(Image-text web data)
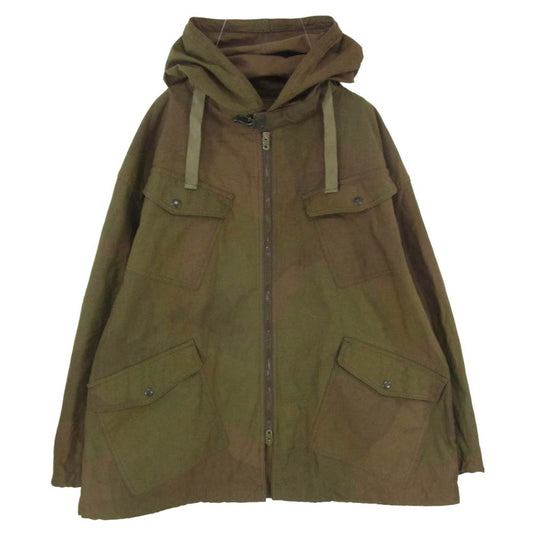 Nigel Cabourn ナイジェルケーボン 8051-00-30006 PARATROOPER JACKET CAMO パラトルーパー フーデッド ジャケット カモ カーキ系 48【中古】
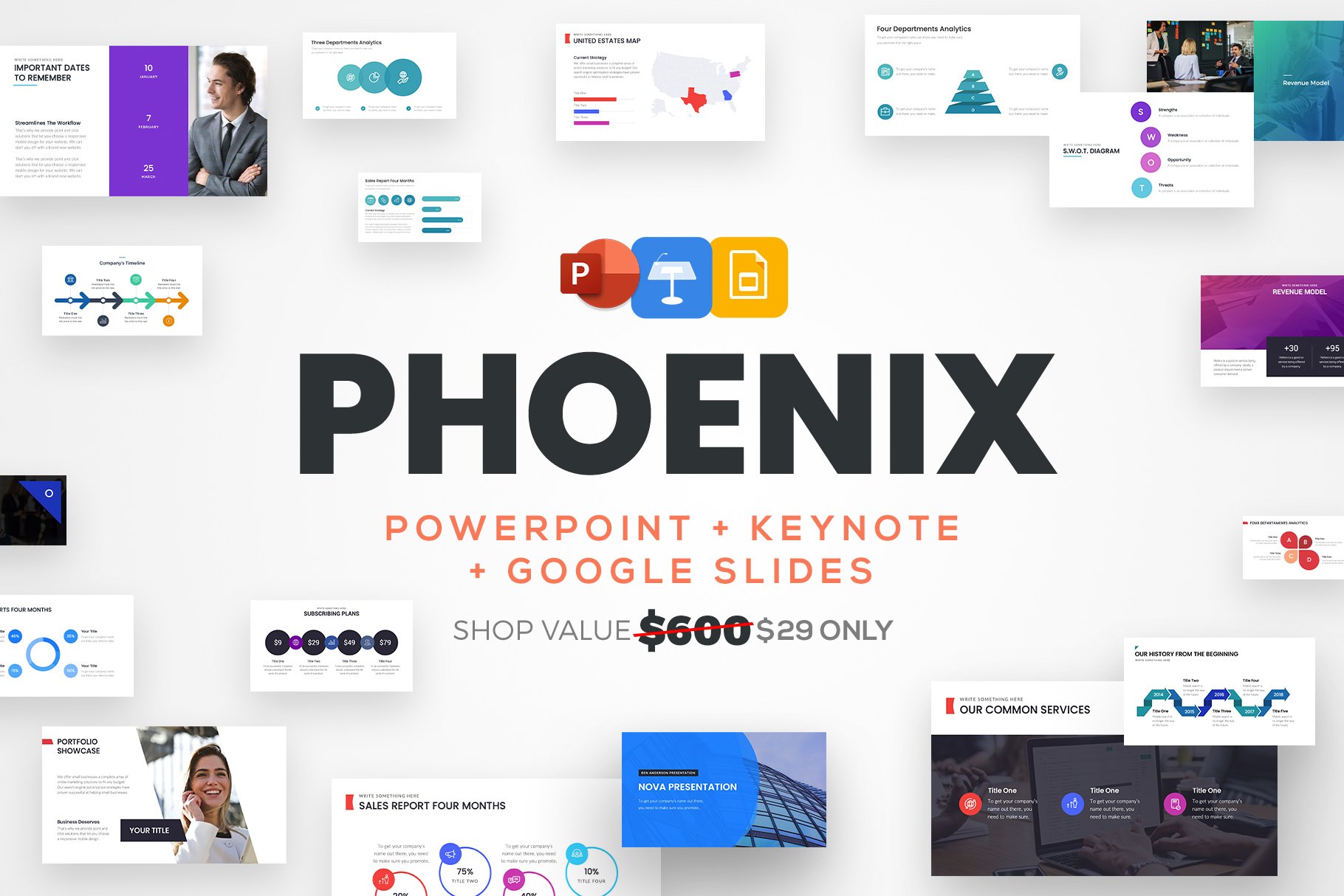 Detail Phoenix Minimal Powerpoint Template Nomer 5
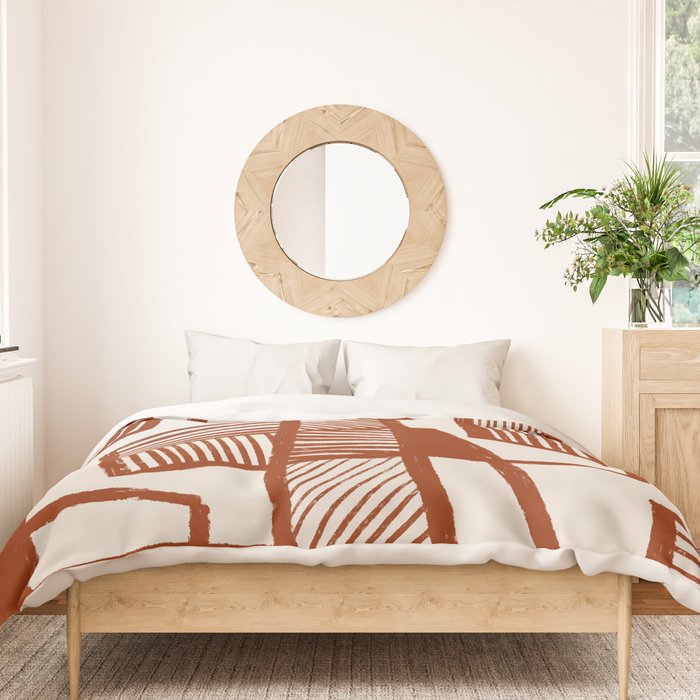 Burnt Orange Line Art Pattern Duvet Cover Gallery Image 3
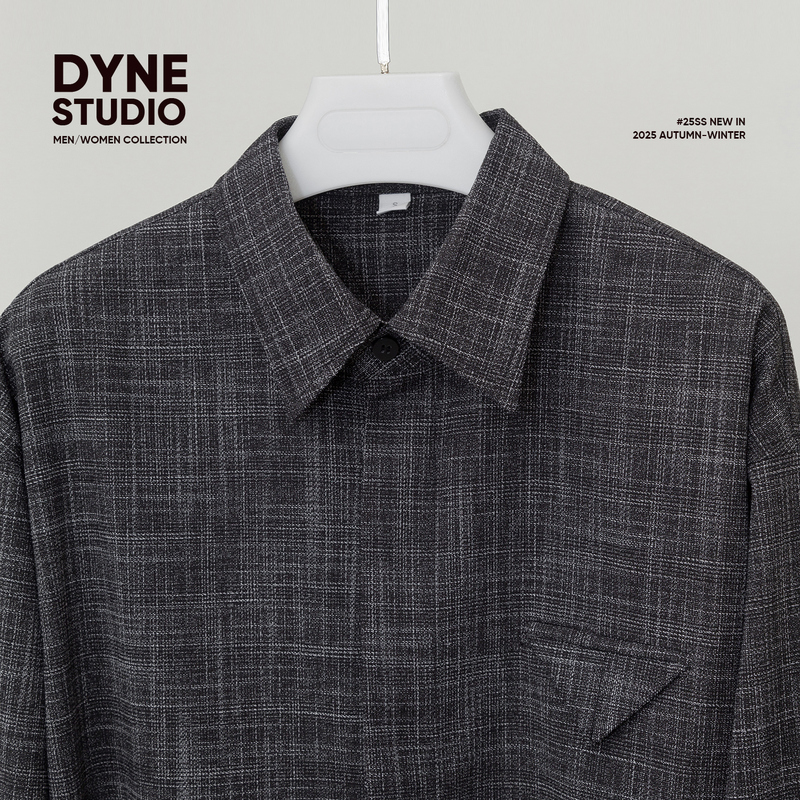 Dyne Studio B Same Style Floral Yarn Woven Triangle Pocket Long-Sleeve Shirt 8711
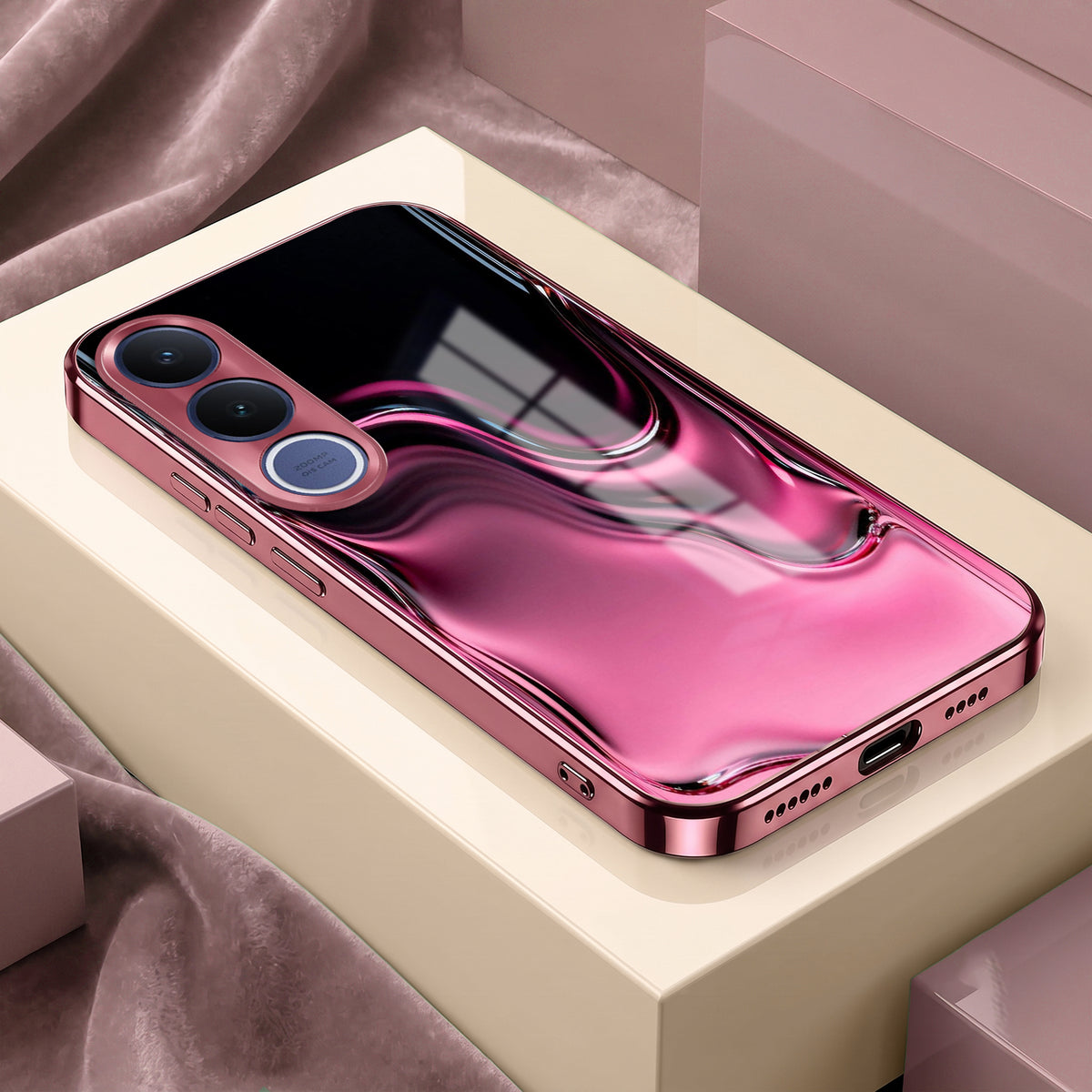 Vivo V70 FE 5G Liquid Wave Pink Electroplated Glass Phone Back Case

Problem to work on: Output a precise copy of the entries, leaving the images out.

Finished exercise:
 Nigel Cabourn ナイジェルケーボン 8051-00-30006 PARATROOPER JACKET CAMO パラトルーパー フーデッド ジャケット カモ カーキ系 48【中古】
 Detail Phoenix Minimal Powerpoint Template Nomer 5
 Burnt Orange Line Art Pattern Duvet Cover Gallery Image 3
 Dyne Studio B Same Style Floral Yarn Woven Triangle Pocket Long-Sleeve Shirt 8711
 Vivo V70 FE 5G Liquid Wave Pink Electroplated Glass Phone Back Case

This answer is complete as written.